- **Activity**:
Look through the material for lines with the word "Kursi", and copy each one.

*** Data to examine Section Begins ***

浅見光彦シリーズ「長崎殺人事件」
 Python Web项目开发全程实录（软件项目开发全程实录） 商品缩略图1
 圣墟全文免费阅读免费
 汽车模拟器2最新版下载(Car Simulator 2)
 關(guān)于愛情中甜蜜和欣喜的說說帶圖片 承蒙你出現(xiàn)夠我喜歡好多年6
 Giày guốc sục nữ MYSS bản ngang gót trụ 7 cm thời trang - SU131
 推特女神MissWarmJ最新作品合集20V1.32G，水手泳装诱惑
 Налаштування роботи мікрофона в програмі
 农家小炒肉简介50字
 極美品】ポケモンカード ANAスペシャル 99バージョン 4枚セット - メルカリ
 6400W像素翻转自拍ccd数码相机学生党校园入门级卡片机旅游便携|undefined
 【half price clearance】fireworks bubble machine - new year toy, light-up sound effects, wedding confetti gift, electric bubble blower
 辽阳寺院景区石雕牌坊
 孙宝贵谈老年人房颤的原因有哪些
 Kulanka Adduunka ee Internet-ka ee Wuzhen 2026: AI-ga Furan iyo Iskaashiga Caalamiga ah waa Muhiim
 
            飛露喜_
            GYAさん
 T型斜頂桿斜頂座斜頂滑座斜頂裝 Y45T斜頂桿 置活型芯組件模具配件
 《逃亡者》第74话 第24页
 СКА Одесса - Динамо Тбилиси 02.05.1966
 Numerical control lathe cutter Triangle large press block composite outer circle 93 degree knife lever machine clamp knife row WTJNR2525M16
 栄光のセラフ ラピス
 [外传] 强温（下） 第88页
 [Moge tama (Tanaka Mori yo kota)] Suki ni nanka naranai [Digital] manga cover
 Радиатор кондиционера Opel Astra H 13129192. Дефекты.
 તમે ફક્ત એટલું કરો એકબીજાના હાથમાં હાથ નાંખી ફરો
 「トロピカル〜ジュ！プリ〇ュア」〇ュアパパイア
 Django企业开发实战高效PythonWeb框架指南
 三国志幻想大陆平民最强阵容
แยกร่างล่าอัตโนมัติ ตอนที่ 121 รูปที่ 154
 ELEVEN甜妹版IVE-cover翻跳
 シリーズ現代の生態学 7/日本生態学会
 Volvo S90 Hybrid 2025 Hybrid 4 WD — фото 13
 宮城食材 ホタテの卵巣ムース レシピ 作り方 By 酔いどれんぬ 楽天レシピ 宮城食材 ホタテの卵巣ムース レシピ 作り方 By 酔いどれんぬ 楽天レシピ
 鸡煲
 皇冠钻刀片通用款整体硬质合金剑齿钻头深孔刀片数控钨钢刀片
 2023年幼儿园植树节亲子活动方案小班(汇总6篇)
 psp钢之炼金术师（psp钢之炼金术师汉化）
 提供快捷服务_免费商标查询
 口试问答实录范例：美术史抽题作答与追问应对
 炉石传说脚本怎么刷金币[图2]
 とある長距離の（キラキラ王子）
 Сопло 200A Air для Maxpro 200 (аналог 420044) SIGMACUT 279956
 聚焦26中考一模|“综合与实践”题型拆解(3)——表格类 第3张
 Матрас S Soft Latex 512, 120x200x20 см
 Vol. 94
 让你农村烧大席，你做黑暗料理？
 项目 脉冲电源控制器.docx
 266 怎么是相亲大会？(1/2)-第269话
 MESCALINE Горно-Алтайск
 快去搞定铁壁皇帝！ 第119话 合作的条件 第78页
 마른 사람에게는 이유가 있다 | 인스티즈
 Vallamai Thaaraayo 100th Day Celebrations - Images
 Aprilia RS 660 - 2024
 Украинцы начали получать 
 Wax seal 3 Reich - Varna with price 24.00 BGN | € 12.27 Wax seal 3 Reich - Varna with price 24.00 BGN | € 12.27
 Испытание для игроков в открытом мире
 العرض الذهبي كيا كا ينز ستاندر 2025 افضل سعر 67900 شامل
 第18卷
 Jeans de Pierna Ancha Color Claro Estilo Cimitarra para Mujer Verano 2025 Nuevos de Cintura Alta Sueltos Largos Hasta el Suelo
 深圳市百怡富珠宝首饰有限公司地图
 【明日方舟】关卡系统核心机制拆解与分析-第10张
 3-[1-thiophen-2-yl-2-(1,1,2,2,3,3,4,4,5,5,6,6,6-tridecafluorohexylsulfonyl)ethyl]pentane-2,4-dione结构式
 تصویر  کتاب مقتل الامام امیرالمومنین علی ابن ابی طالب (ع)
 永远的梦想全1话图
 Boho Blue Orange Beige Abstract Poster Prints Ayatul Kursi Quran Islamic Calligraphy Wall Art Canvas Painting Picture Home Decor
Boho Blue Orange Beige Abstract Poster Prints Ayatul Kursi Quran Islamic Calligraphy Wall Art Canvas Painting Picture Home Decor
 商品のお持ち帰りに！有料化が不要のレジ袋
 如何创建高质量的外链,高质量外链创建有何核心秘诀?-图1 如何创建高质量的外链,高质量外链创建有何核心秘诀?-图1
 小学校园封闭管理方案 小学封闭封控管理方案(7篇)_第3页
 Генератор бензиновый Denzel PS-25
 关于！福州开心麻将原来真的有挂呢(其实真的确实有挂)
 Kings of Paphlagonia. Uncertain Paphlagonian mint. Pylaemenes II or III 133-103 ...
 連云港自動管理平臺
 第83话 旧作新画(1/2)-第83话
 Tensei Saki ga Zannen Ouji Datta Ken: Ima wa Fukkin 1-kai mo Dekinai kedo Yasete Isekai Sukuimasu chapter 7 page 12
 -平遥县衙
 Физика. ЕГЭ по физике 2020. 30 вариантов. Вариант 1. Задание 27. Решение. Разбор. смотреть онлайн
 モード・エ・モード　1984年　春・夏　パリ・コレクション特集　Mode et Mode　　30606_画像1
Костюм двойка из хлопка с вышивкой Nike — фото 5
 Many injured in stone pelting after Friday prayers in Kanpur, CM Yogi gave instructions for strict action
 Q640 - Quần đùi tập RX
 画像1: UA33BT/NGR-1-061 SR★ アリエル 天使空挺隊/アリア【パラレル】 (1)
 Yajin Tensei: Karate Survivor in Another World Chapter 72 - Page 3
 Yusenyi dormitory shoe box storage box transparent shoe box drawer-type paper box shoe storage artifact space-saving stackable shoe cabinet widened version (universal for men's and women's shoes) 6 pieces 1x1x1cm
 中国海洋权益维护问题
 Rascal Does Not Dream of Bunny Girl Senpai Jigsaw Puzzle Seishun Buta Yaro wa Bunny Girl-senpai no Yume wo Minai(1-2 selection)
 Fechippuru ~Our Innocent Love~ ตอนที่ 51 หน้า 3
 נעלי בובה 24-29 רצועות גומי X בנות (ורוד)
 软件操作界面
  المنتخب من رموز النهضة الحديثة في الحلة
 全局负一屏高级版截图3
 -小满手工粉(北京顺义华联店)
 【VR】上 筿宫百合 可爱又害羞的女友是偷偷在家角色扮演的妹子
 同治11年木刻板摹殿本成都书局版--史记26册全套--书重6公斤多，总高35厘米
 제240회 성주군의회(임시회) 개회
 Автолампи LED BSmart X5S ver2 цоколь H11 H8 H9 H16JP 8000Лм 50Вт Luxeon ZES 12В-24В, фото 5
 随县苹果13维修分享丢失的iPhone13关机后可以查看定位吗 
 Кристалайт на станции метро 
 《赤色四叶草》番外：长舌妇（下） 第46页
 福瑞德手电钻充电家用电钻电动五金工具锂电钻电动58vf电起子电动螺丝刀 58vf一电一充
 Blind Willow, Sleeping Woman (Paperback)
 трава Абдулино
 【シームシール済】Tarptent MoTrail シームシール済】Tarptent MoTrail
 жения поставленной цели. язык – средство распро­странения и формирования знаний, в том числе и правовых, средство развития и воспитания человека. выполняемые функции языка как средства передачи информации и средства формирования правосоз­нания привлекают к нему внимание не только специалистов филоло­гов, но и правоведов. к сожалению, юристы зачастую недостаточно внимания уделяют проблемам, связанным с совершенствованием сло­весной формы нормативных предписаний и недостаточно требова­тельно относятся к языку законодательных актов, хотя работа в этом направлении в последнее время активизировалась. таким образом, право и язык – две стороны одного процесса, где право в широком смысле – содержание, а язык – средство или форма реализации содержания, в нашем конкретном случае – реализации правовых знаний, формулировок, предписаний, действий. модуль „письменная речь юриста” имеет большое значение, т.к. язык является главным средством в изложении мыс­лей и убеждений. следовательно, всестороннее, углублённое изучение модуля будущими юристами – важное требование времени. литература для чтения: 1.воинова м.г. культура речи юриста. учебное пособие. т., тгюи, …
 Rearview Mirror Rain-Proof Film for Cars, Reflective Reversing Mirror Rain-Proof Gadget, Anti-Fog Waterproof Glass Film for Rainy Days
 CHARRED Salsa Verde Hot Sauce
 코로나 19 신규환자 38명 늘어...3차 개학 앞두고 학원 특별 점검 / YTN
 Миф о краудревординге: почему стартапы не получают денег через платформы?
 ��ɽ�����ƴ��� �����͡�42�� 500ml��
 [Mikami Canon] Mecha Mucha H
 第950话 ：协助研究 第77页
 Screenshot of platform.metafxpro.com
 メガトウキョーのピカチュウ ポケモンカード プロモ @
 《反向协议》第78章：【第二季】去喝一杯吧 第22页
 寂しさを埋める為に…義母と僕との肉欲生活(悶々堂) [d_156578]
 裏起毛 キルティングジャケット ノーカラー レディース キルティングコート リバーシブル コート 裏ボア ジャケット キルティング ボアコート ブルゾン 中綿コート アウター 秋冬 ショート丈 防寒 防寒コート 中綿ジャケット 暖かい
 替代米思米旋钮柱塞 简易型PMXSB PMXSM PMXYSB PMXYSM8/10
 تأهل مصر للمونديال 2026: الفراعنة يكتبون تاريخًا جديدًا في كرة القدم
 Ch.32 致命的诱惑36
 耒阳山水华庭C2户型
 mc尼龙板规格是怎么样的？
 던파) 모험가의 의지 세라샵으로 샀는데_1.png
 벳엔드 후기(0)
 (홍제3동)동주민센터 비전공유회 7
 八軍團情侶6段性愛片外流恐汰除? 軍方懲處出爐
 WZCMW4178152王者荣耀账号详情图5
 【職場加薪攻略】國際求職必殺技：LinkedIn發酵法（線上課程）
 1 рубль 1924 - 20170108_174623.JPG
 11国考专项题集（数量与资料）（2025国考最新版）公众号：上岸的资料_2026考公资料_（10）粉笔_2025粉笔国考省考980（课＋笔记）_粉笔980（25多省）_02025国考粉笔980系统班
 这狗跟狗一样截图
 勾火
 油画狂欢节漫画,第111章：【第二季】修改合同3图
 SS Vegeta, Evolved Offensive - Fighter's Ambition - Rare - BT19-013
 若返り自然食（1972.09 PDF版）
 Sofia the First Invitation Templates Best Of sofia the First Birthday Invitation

*** Data to examine Section Ends ***

- **Result below**:
 Boho Blue Orange Beige Abstract Poster Prints Ayatul Kursi Quran Islamic Calligraphy Wall Art Canvas Painting Picture Home Decor
Boho Blue Orange Beige Abstract Poster Prints Ayatul Kursi Quran Islamic Calligraphy Wall Art Canvas Painting Picture Home Decor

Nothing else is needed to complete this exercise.